The current version of the library offers:
Fast Model Serving: We support an easy-to-use interface for rapid inferencing with pre-quantized models (int8, int16, float16). CodeTF handles all aspects of device management, so users do not have to worry about that aspect. If your model is large, we offer advanced features such as weight sharding across GPUs to serve the models more quickly.
Fine-Tuning Your Own Models: We provide an API for quickly fine-tuning your own LLMs for code using SOTA techniques for parameter-efficient fine-tuning (HuggingFace PEFT) on distributed environments.
Supported Tasks: nl2code, code summarization, code completion, code translation, code refinement, clone detection, defect prediction.
Datasets+: We have preprocessed well-known benchmarks (Human-Eval, MBPP, CodeXGLUE, APPS, etc.) and offer an easy-to-load feature for these datasets.
Model Evaluator: We provide interface to evaluate models on well-known benchmarks (e.g. Human-Eval) on popular metrics (e.g., pass@k) with little effort (~15 LOCs).
Pretrained Models: We supply pretrained checkpoints of state-of-the-art foundational language models of code (CodeBERT, CodeT5, CodeGen, CodeT5+, Incoder, StarCoder, etc.).
Fine-Tuned Models: We furnish fine-tuned checkpoints for 8+ downstream tasks.
Utility to Manipulate Source Code: We provide utilities to easily manipulate source code, such as user-friendly AST parsers (based on tree-sitter) in 15+ programming languages, to extract important code features, such as function name, identifiers, etc.

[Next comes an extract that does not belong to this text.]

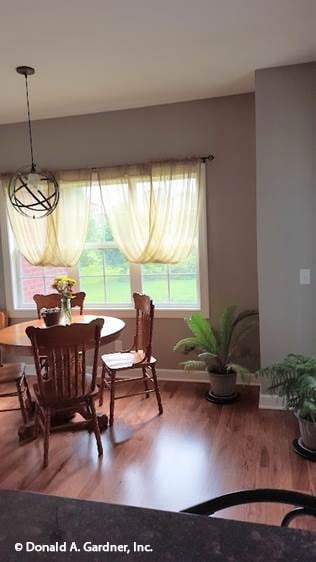Breakfast nook with a round dining set, a spherical chandelier, and three-paneled windows dressed in sheer valances.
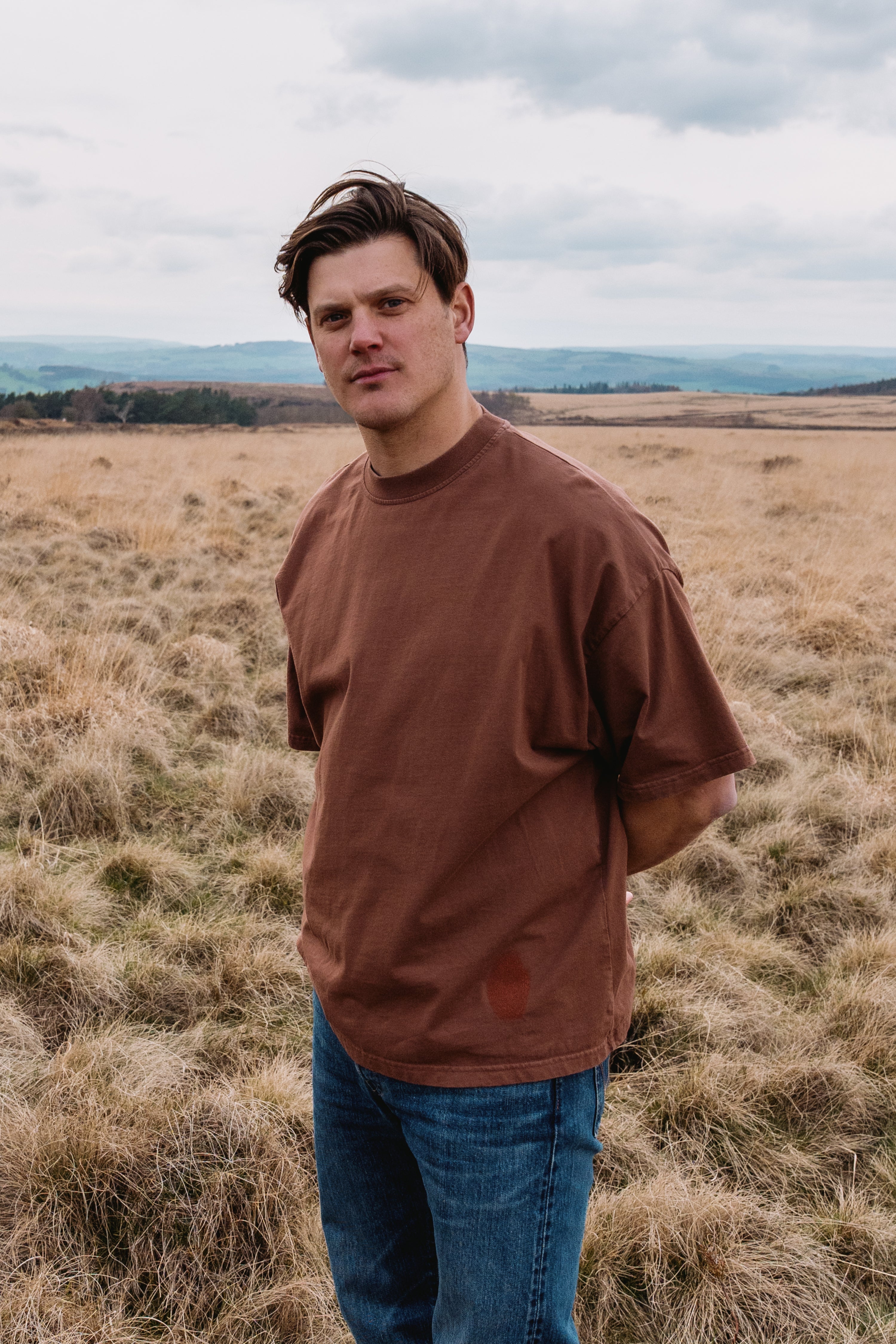 Model wearing vintage brown Identity T-Shirt in open landscape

The 'llama-recipes' repository is a companion to the Llama 2 model. The goal of this repository is to provide examples to quickly get started with fine-tuning for domain adaptation and how to run inference for the fine-tuned models. For ease of use, the examples use Hugging Face converted versions of the models. See steps for conversion of the model here.
Llama 2 is a new technology that carries potential risks with use. Testing conducted to date has not — and could not — cover all scenarios. In order to help developers address these risks, we have created the Responsible Use Guide. More details can be found in our research paper as well. For downloading the models, follow the instructions on Llama 2 repo.
NewHope, a chat model based on llama-2-13b, aiming to provide a strong coding capability. NewHope handle different languages including Python, C++, Java, JavaScript, Go, and more. Preliminary evaluation on HumanEval shows that NewHope possesses 99% of GPT-4's programming capabilities.